It is irresponsible for local body politicians to ramp up public fear of sex offender Stewart Murray Wilson, a Victoria University professor says.
The Department of Corrections wants 65-year-old Wilson, dubbed "the Beast of Blenheim" for his sexual offending, rehoused in the Whanganui Prison grounds early next month.
Wanganui councillors Michael Laws and Ray Stevens held a public meeting about stopping the move, attended by about 200 angry and upset people.
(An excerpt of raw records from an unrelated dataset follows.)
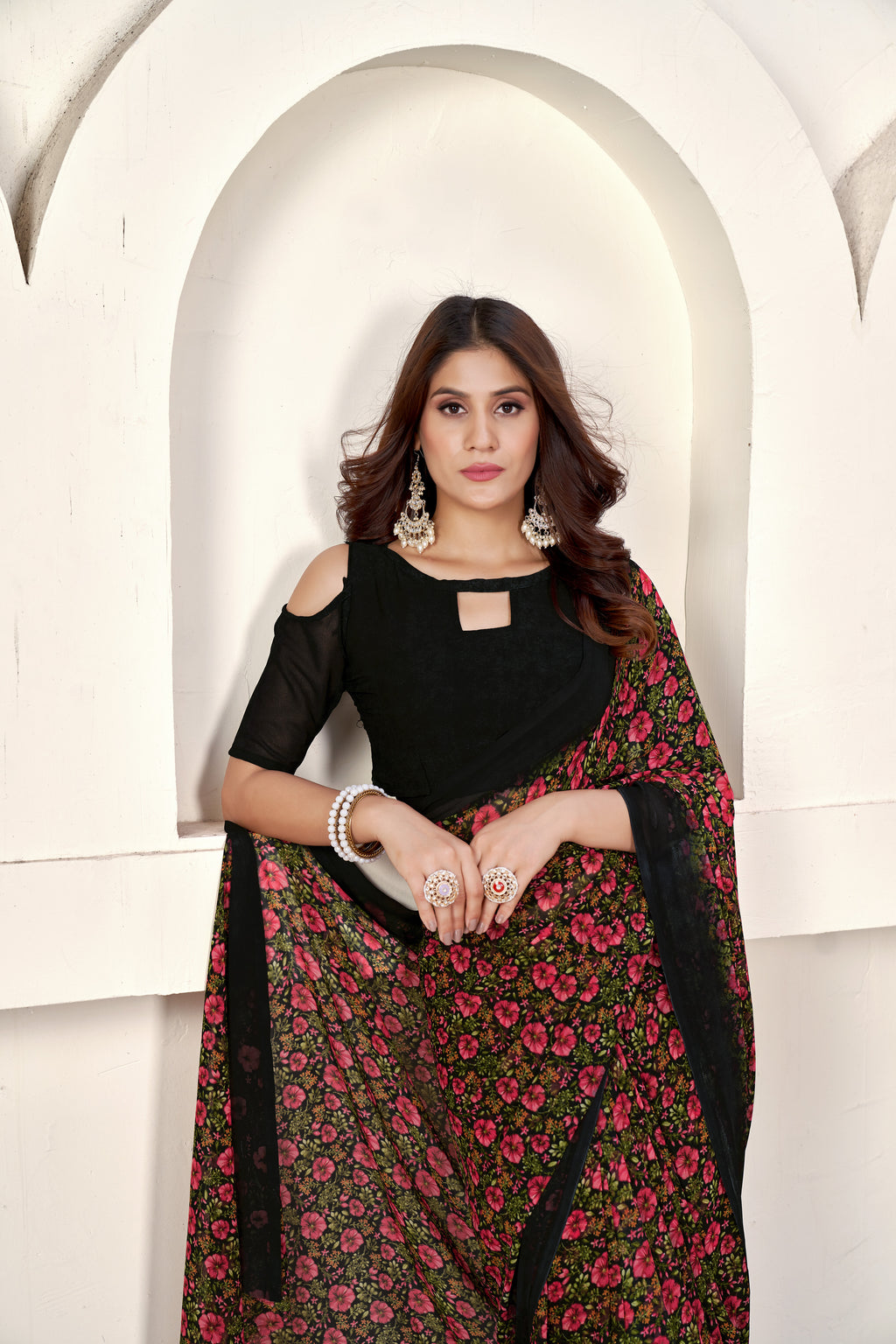 Maroon Classic Printed Saree – Breathable Fabric with Eye-Catching Prints Petite Sarees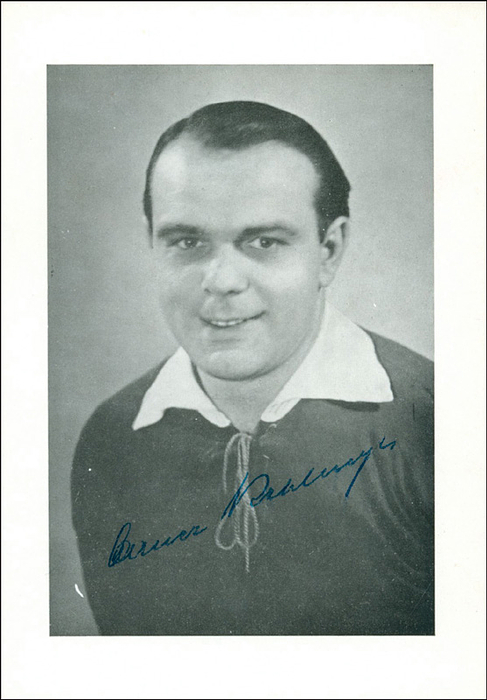 Sorry, no english description is available. ... Autographs German Football. Werner Kohlmeyer -  Condition: A.....Signatur im schwarzem Trikotbereich.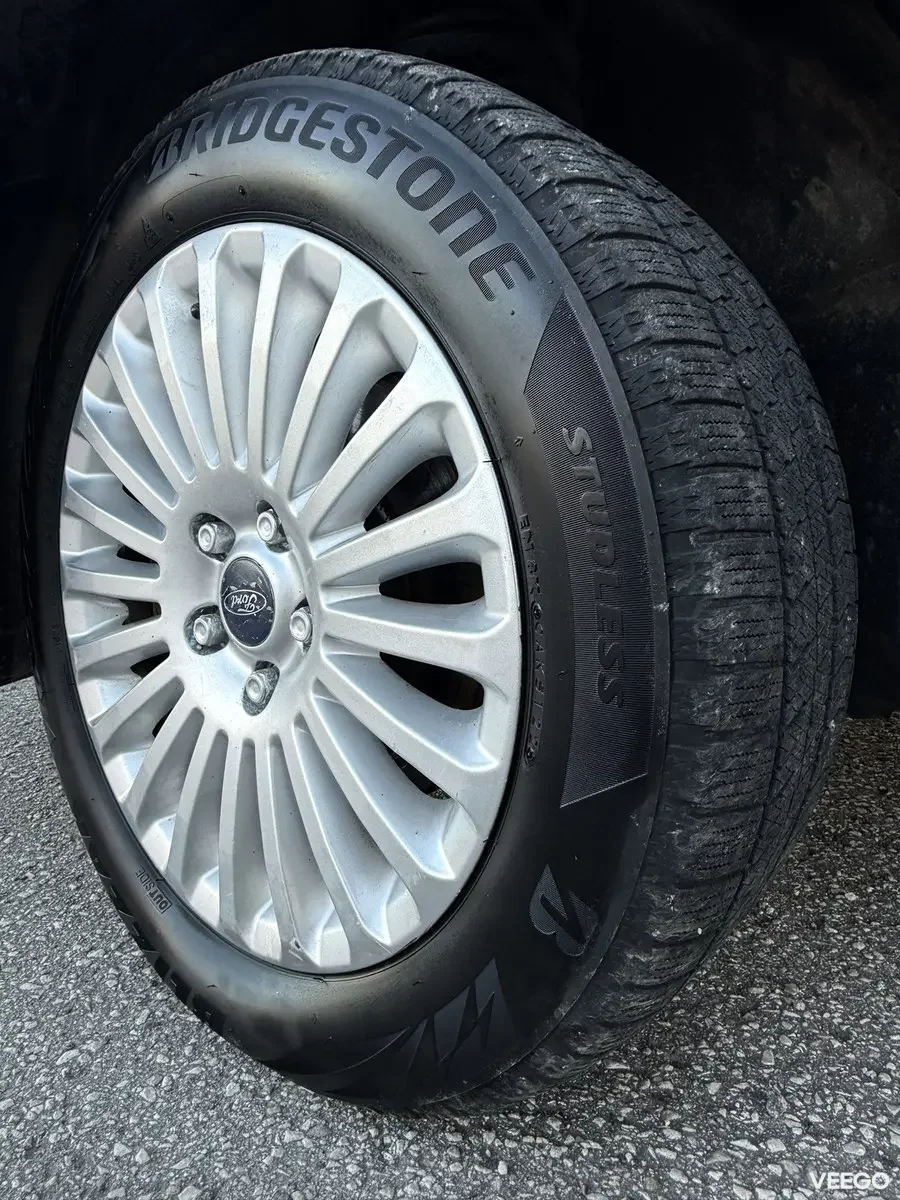 Ford Mondeo Ghia 2 103kW
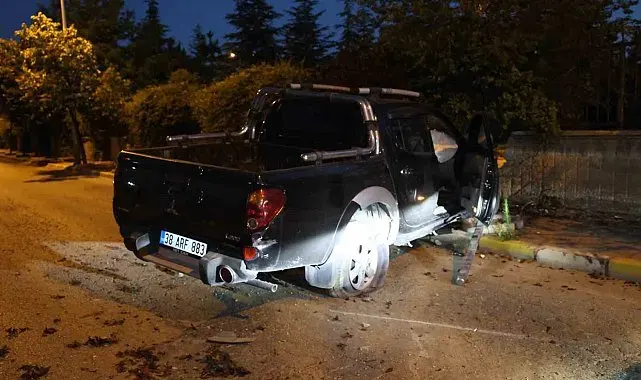 Alkollü ve ehliyetsiz sürücü duvara çarparak durabildi: 1 yaralı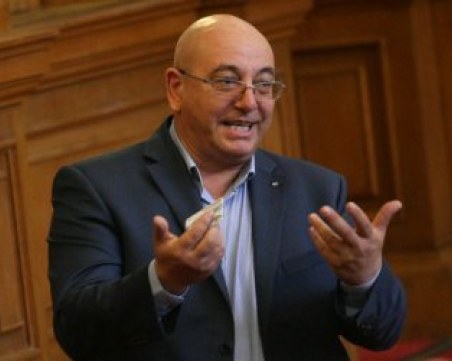 Емил Димитров – Ревизоро: Поех поста, за да не падне правителството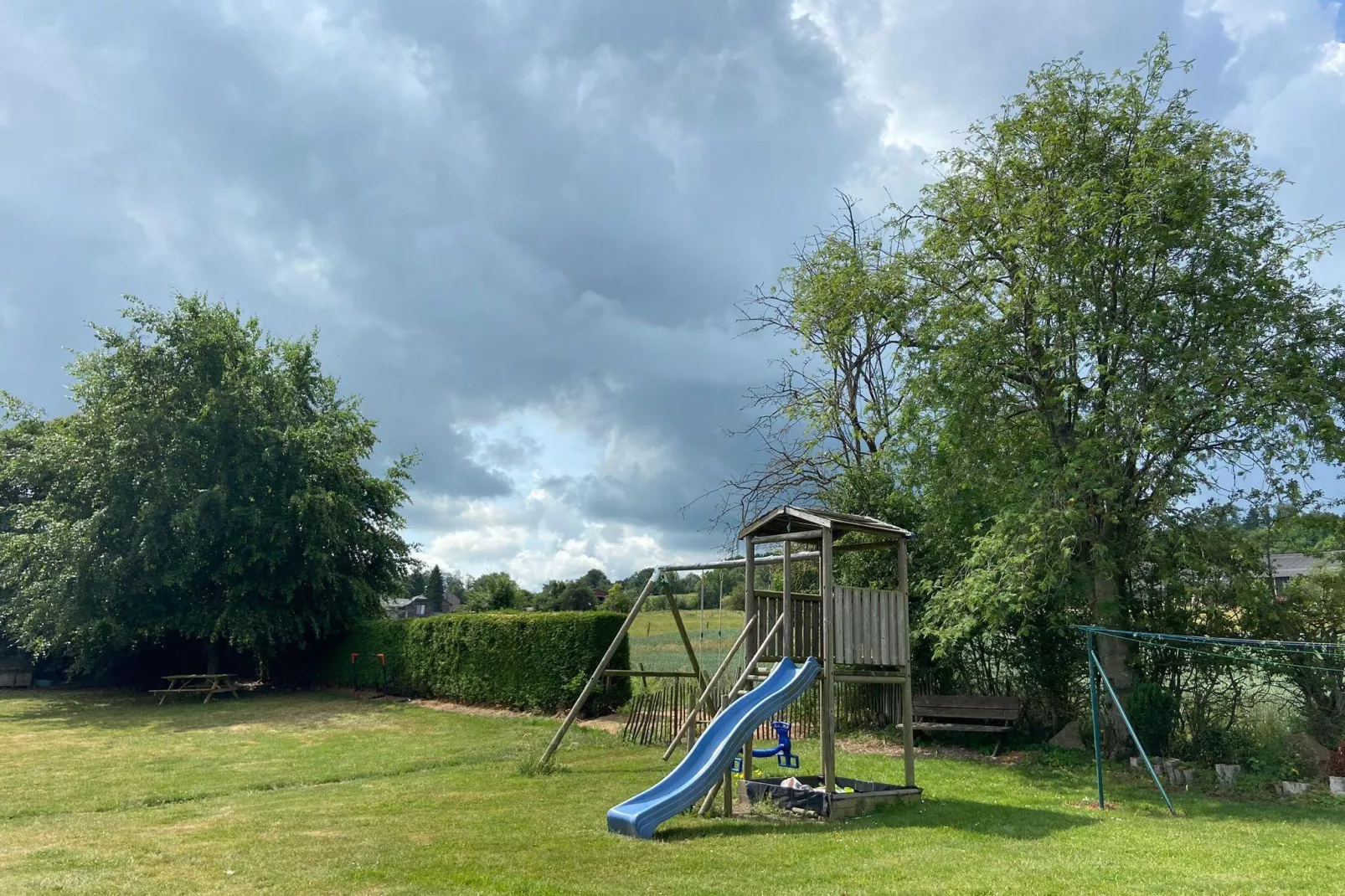 Très belle habitation à Lierneux pour 5 adultes-Jardin d'été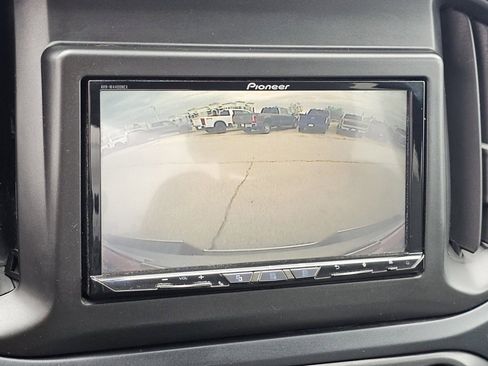 Used 2017 Chevrolet Colorado W/T RWD image 8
"I think they have failed the public on this one, creating unnecessary panic and angst among people that isn't justified. What I would like to see is some sane, measured response," Professor Tony Ward said.
He is a clinical psychologist with expertise in sexual offenders and their rehabilitation. He hadn't met Mr Wilson, but said given his age he was unlikely to reoffend.
"The reoffending rate for very high risk people over 60 is about six per cent."
Most sex offenders stopped offending, with the help of their family and friends.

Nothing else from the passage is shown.